> Task
Find the line with "Apartamento 3 quartos" in the entries below. Repeat it, every following line, and the line with "Image No.25-3 Bed House for sale", exactly and with nothing added.

> Material for this exercise
**********

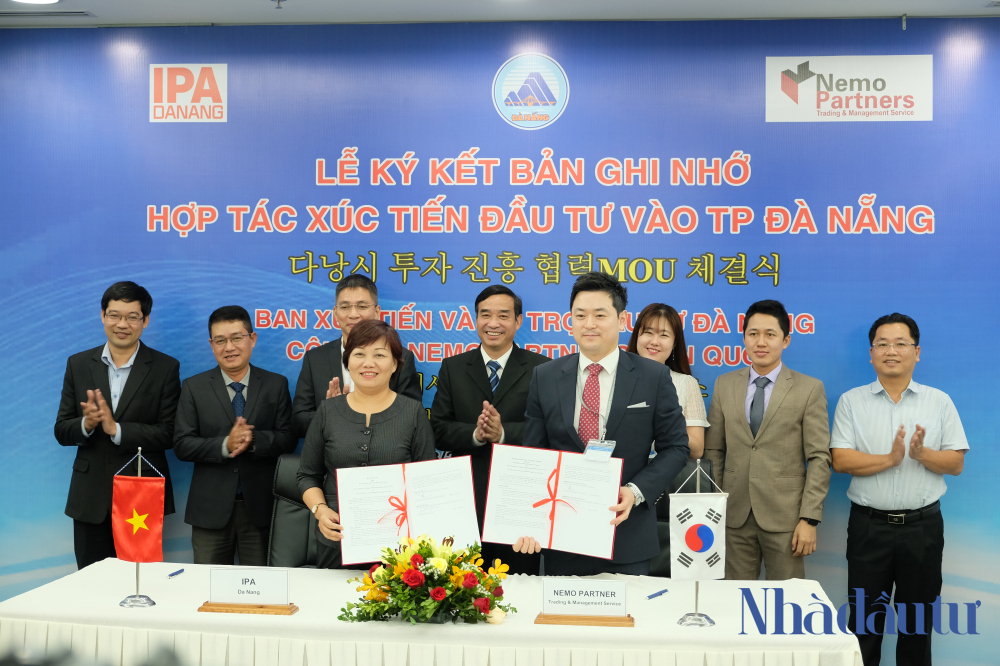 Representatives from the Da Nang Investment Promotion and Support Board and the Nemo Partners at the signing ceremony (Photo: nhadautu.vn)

**********

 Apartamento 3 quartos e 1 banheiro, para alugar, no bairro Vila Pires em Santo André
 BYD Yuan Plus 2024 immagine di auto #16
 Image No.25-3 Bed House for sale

**********

> Exercise answer
 Apartamento 3 quartos e 1 banheiro, para alugar, no bairro Vila Pires em Santo André
 BYD Yuan Plus 2024 immagine di auto #16
 Image No.25-3 Bed House for sale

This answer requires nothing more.